The obvious implication is that any immune disorder my respond more dramatically to the combination of EPA and GLA, than to either essential fatty acid alone. This is because the prostaglandins synthesized from GLA are immunostimulating, primarily through the activation of T-lymphocytes, and the prostaglandins derived from EPA tend to reduce the production of immunosuppressing prostaglandins.

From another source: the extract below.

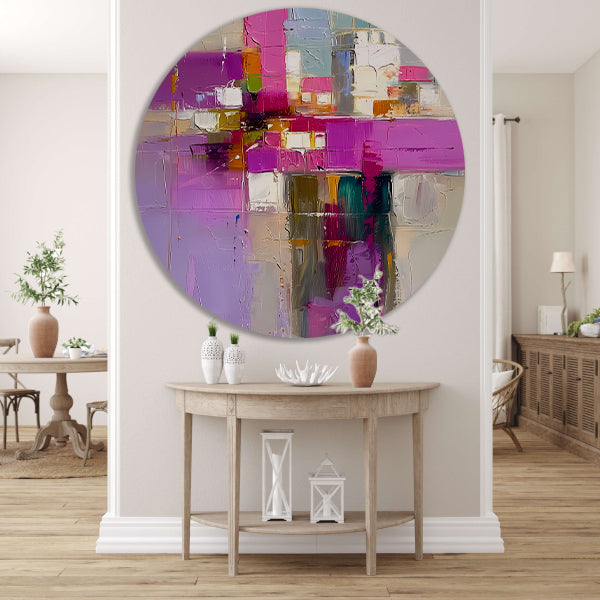 Levendige abstracte expressie in moderne tinten aluminium muurcirkel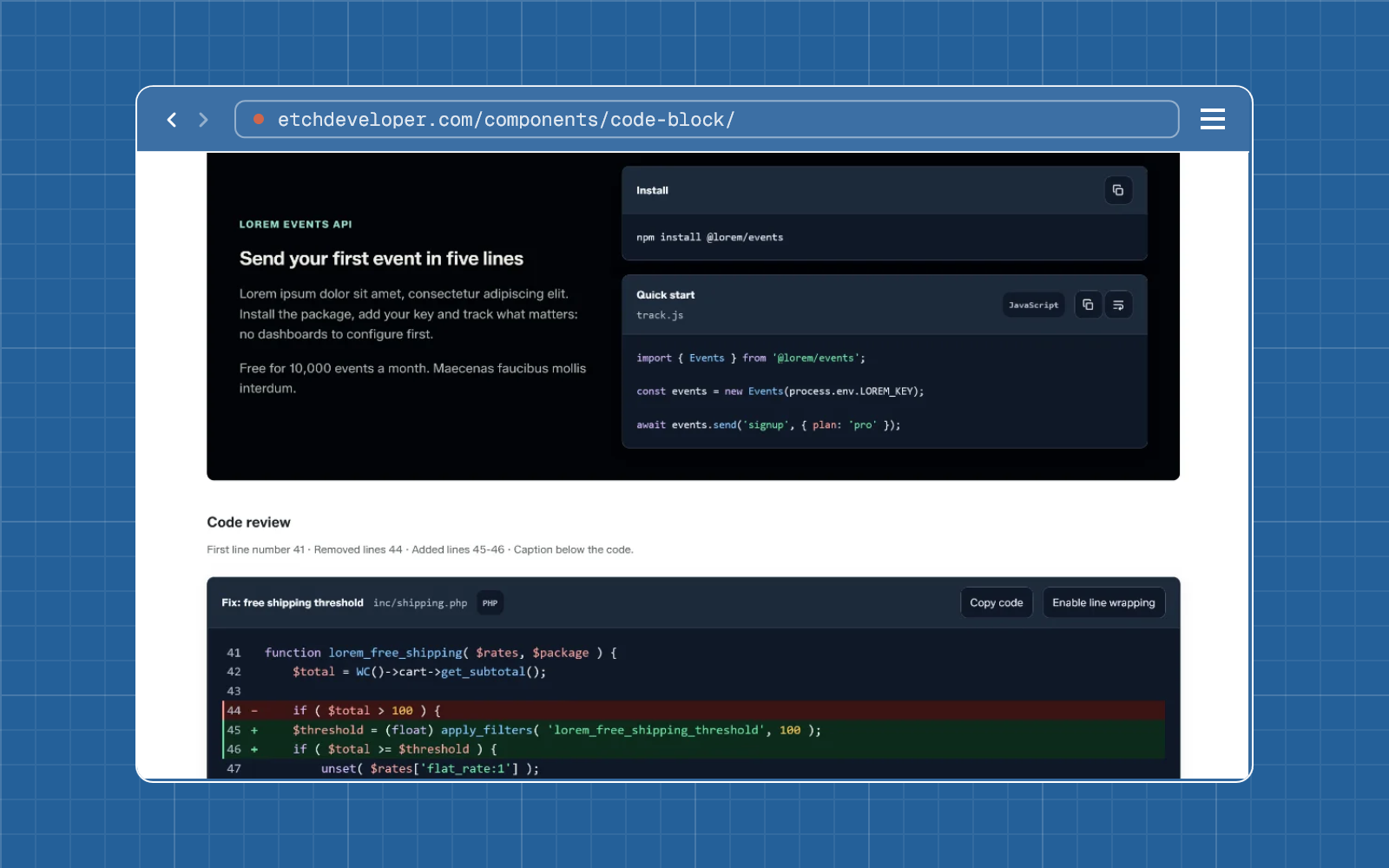 Code Block preview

It should be noted that male semen contains concentrated amounts of PGE2, a very powerful immunosuppressing agent. New data indicates that the presence of PGE2 aids the replication of the HTLV-III virus under 'in vitro' conditions.17 The importance of this observation is that the dietary intake of both GLA and EPA decrease the production of PGE2.

By understanding the critical function of prostaglandins as key immune factors and their effect on the immune system, one can begin to understand why exposure to the HTLV-III virus produces a wide clinical response. The predisposing factor that determines the severity of exposure to the virus may ultimately be determined by the amount of GLA and EPA in one's diet18 and their ability to be synthesized into prostaglandins that stimulate and enhance the immune system.19 Therefore, the ultimate insurance policy against AIDS for any individual exposed to the HTLV-III virus may be GLA and EPA/DHA supplementation on a daily basis. Since GLA and EPA/DHA are natural materials and have never demonstrated any toxicity, even under exceptionally high daily dosages, this dietary strategy is one that makes excellent scientific sense.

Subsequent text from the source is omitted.